Ben de arabayı bırakıp minibüsü kendi gücümle kovalamaya başlıyorum. Çok geçmeden yakalıyorum ve aynasına tutunuyorum. Biraz o şekilde devam ettikten sonra artık bütün bisikletçilere minibüsü bıraktırmalarını istiyorum. Hakemler pek oralı olmuyorlar. Biraz sonra önümüzde bir kamyon beliriyor. Ona da 5-6 bisikletçi tutunmuş. O kamyonla bizim aramızda da bir başka hakem arabası var. Minibüsü bırakıp öndeki hakem arabasına gidiyorum. Bu kez de onlara itiraz ediyorum. Nihayet kabul ediliyor ve kamyona tutunmuş olanlar bırakmaları için uyarılıyor. Arkadaki arabaya da telsizle bildiriyorlar onlar da bıraktırıyor.
Artık yokuşu rahat bir tempo ile, tahminen 150-155 nabızla çıkmaya başlıyorum. Yokuşu 163-165 nabızla çok zorlanmadan sonuna kadar çıkabileceğimi biliyorum ama rakiplerin durumunu bir müddet izleyip, uygun bir zamanda atak yapmayı planlıyorum. Ama daha o tempoda bile çoğu geri kalmaya başlıyor. İki tanesi beni bir müddet takip ediyor, daha sonra onlar da geri kalmaya başlıyor. Keyfim kaçıyor. Hakemlerle uğraşırken zaten yokuşun yarısı boşa gitmişti, şimdi de rakip kalmıyor. Oysa lastiğim patlamayıp nispeten güçlü sporcularla beraber ön grupta olsaydım bu yokuş epey “zevkli” olacaktı.
Epeydir ciğerlerim ağzıma gelmemişti.
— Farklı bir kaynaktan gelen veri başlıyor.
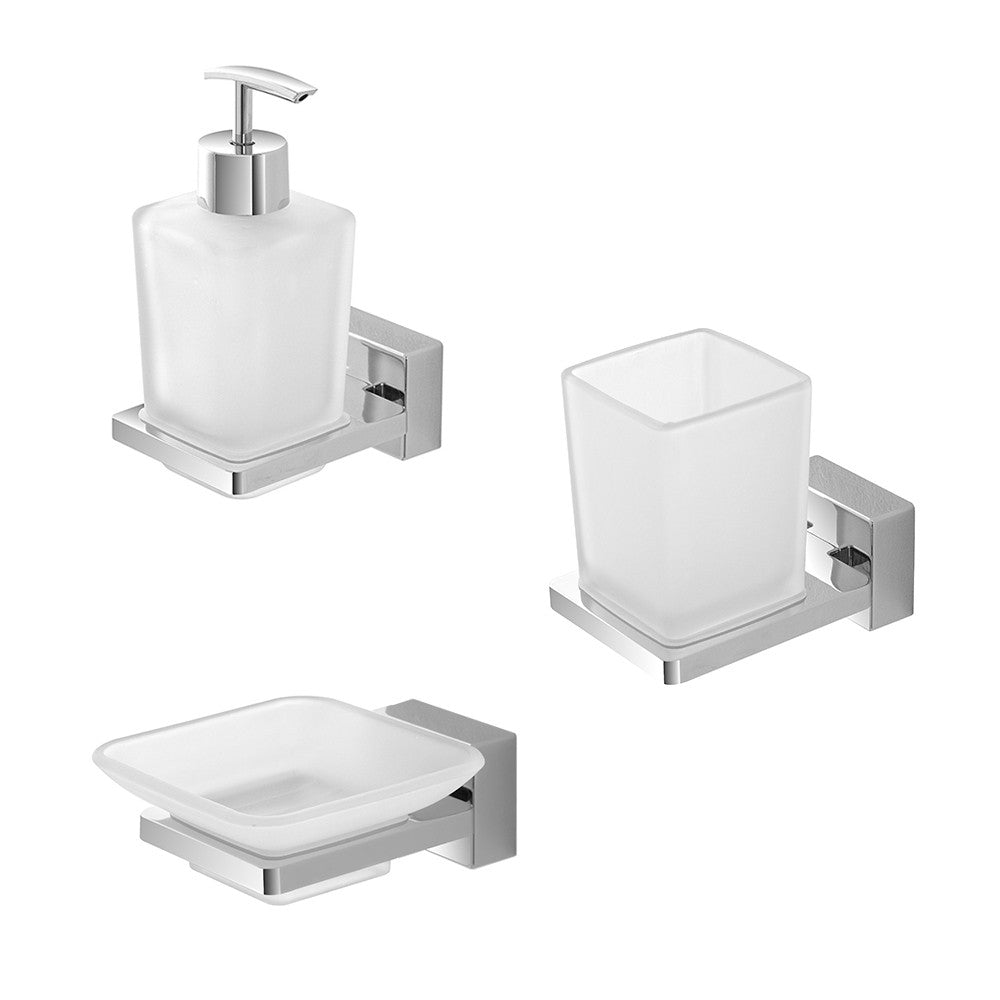 Set accessori a muro 3 pezzi in acciaio cromato e viti incluse  Velvet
Neyse, artık bir dahaki sefere deyip yokuşun bitiminden sonraki 15 km.yi de düşünerek kendimi zorlamadan devam ediyorum. Yokuş bittikten sonra yine orta tempoyla devam ediyorum. Arkada zorlukla görebildiğim mesafede iki kişi var. Bir tanesi yavaş yavaş bana yaklaşmaya başlıyor. Ama önümüzde 2 km.lik bir yokuş daha olduğu için tempomu artırmak konusunda acele etmiyorum. Bana yaklaşan bisikletçi Can abi (henüz amca demiyorlar) beni bekle diye sesleniyor. Gelen Murat’mış. Bekliyorum ve yarışı beraber tamamlıyoruz. Sonradan 19 ve 20. olduğumuzu öğreniyoruz.